CVE-2023-24033 severity rating – nist.gov

“Tests conducted by Project Zero confirm that those four vulnerabilities allow an attacker to remotely compromise a phone at the baseband level with no user interaction, and require only that the attacker know the victim’s phone number. With limited additional research and development, we believe that skilled attackers would be able to quickly create an operational exploit to compromise affected devices silently and remotely.”
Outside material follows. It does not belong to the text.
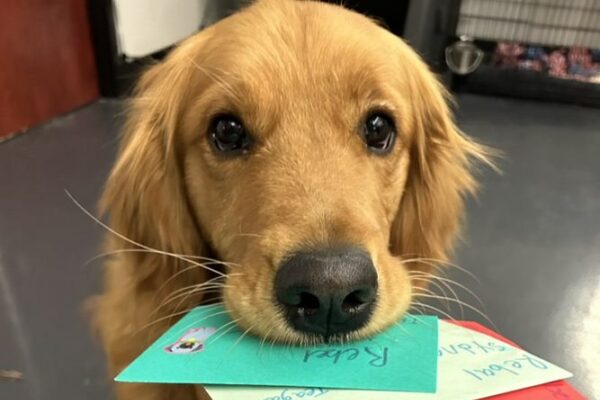 Rebel the Golden holding multiple letters in colorful envelopes in his mouth.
Tim Willis – Google Project Zero

Remaining vulns

Of the remaining fourteen vulnerabilities discovered by project zero, five have been given CVE numbers, and the last nine are still waiting for CVE values.

The five CVEs are:

These vulnerabilities, although rated at critical, are more difficult for a threat actor to exploit as they require either a malicious mobile network operator, or an attacker with local access to the affected device.

Patch timelines

The patches for these vulnerabilities will become available as soon as the vendors develop and test a fix, however as is always the case with mobile devices, the patches will be released only once the mobile operators themselves have tested the updates in their own networks. So whilst there may be a fix waiting for your device, you will have to wait for your mobile operator to push it out.

Google have already issued one update for their affected devices. CVE-2023-24033 was patched in the March 2023 security update.

Other affected manufacturers will issue updates as soon as they become available, but until they do become available, worried users with affected devices can protect themselves from the RCE vulnerabilities mentioned at the beginning of this blog by turning off Wi-Fi calling and Voice-over-LTE (VoLTE) in their device settings.